*YOUR OBJECTIVE*. Beginning with the line that contains "7'li set (goril", restate each line below through the final one exactly, and exclude the pictures.
---+---
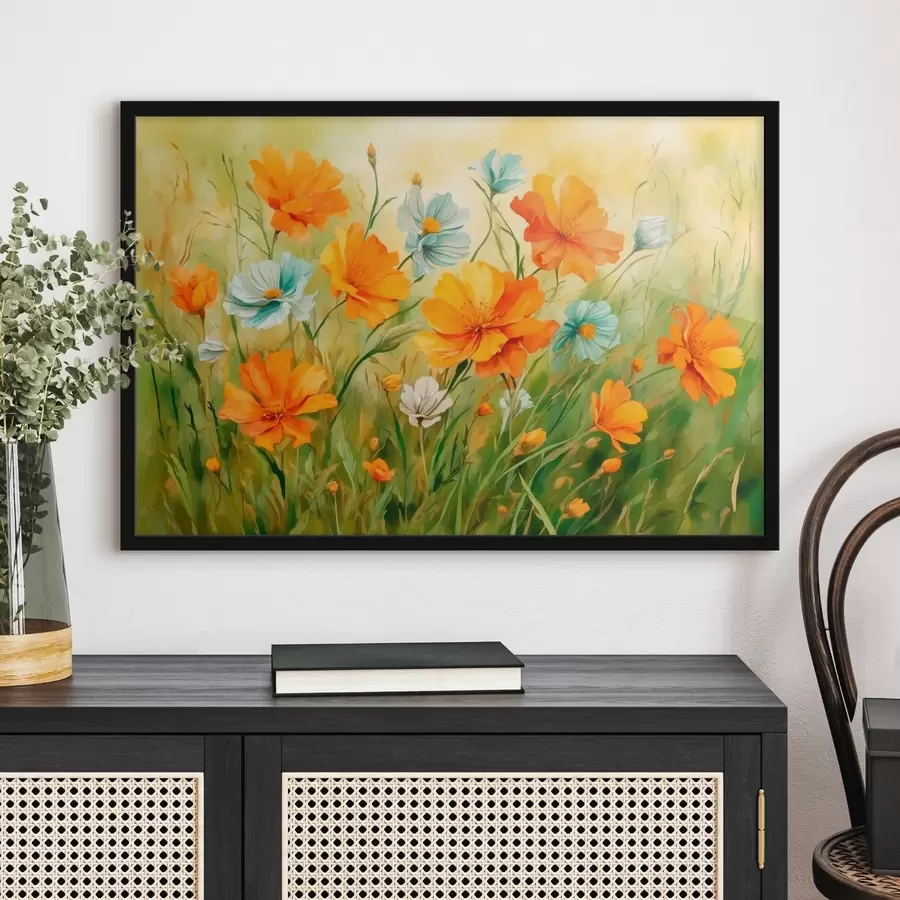 Papier peint photo Champ de fleurs et plantes dans l'eau fcolof painting ftyle f42916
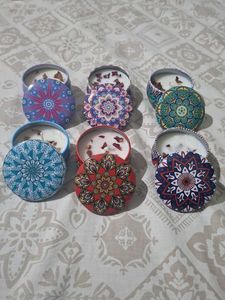 Handcrafted Mandala Candles (Set of 6)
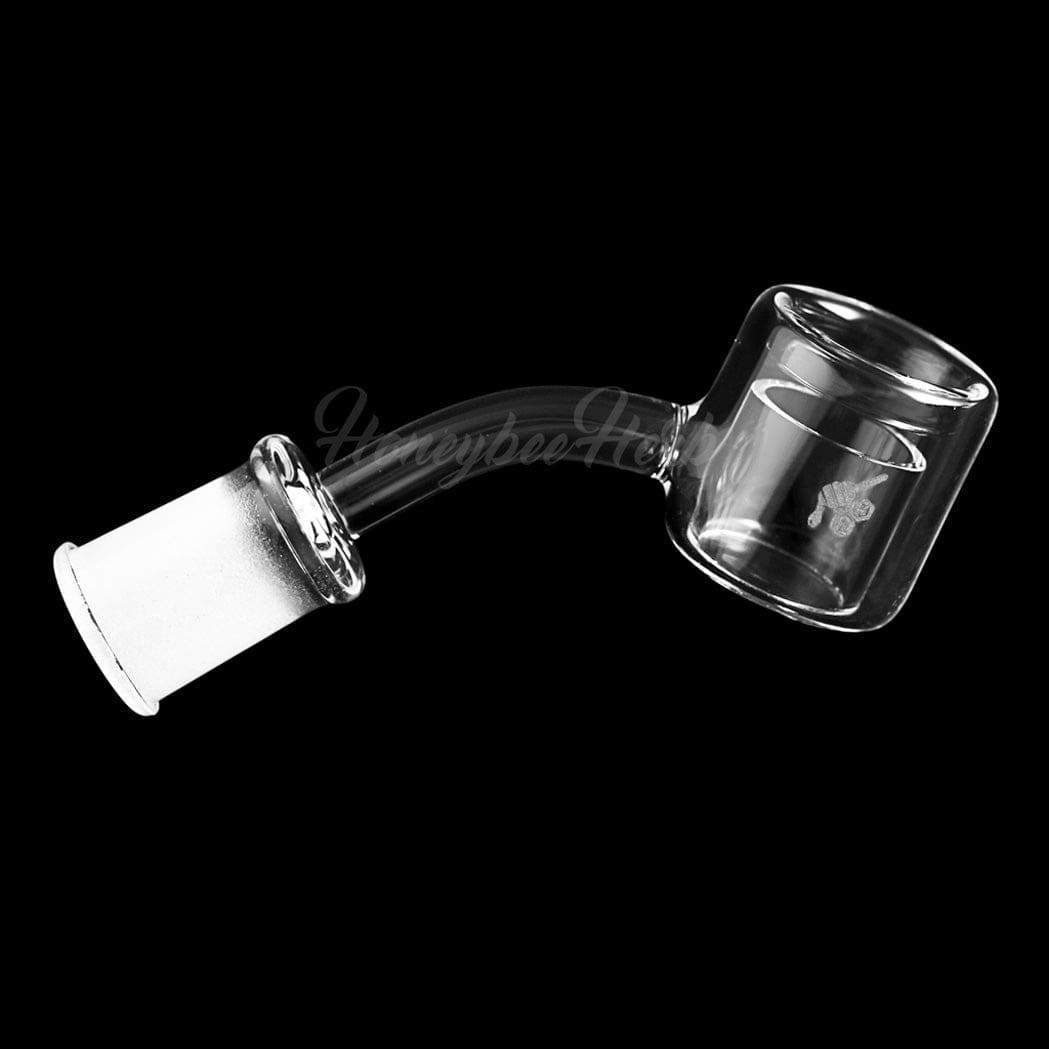 A close-up, angled view of the YL Thermal Quartz Banger, showcasing its 45-degree design and clear quartz material.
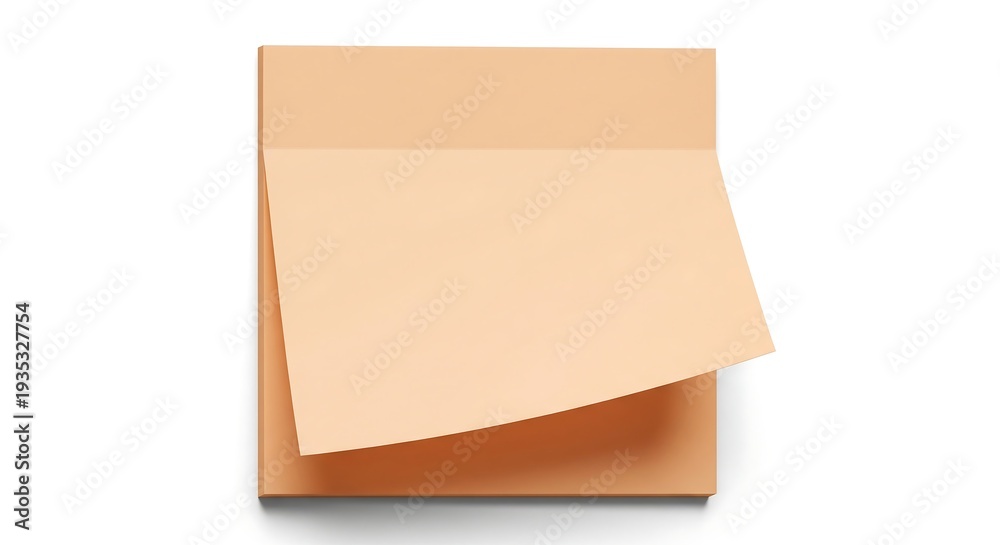 Fototapeta premium A top-down view of a stack of peach-colored sticky notes with one note peeled back.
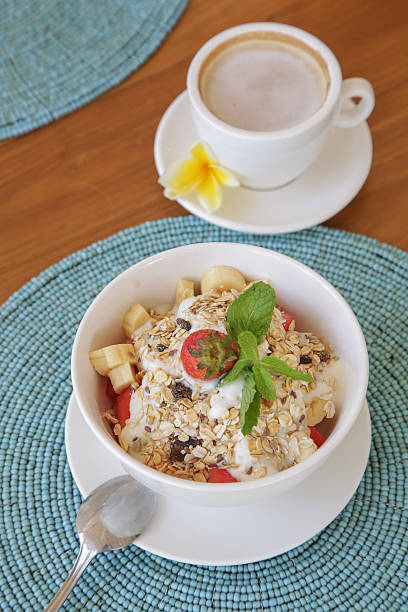 istock Healthy breakfast - cereal bowl with fruits 625388208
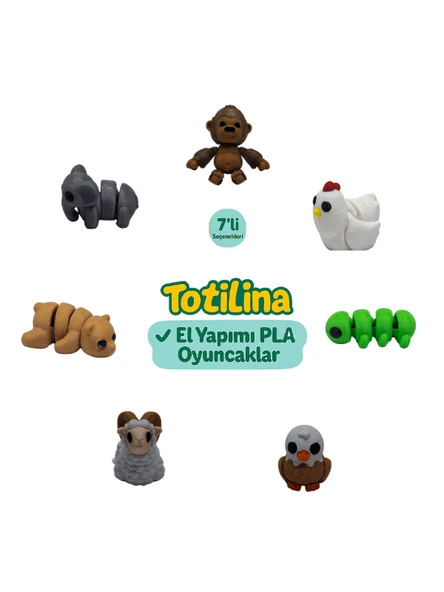 7'li set (goril tavuk tırtıl kartal koç ayı fil…)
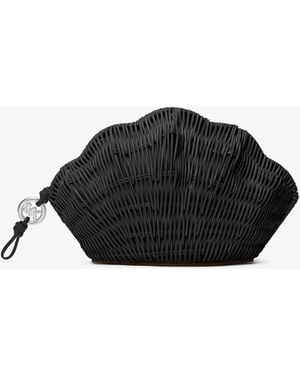 MICHAEL Michael Kors Mk Shelly Rattan Clutch - Black
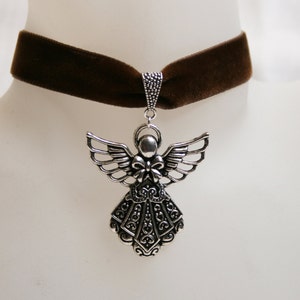 Handcrafted &#39;Guardian Angel&#39; Choker.Large Tibetan silver Guardian Angel on a Wine, Black, Green, Purple, Brown, White or Ivory velvet ribbon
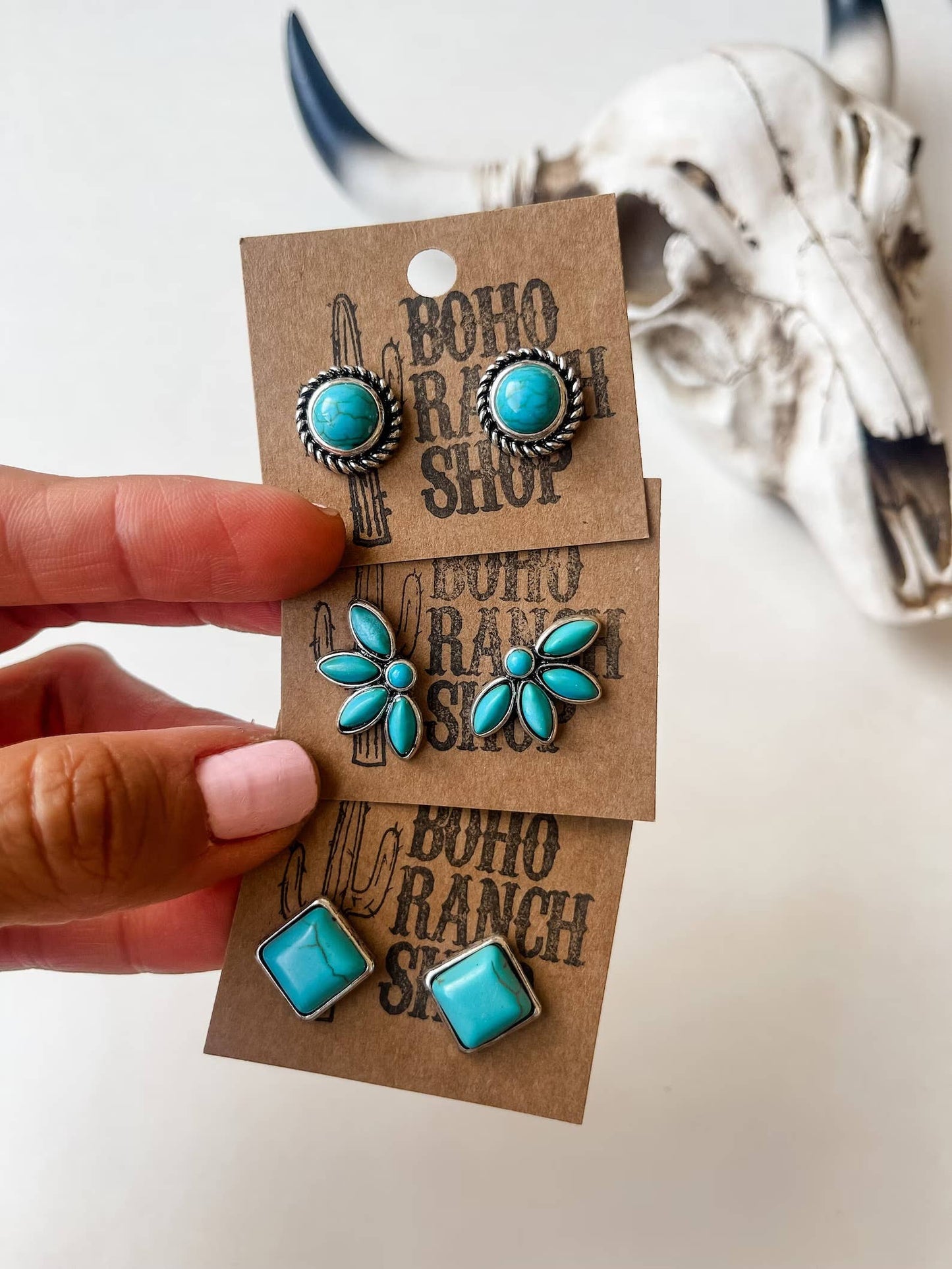 Western Turquoise Stud Earrings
---+---
*ANSWER BOX*.
 7'li set (goril tavuk tırtıl kartal koç ayı fil…)
 MICHAEL Michael Kors Mk Shelly Rattan Clutch - Black
 Handcrafted &#39;Guardian Angel&#39; Choker.Large Tibetan silver Guardian Angel on a Wine, Black, Green, Purple, Brown, White or Ivory velvet ribbon
 Western Turquoise Stud Earrings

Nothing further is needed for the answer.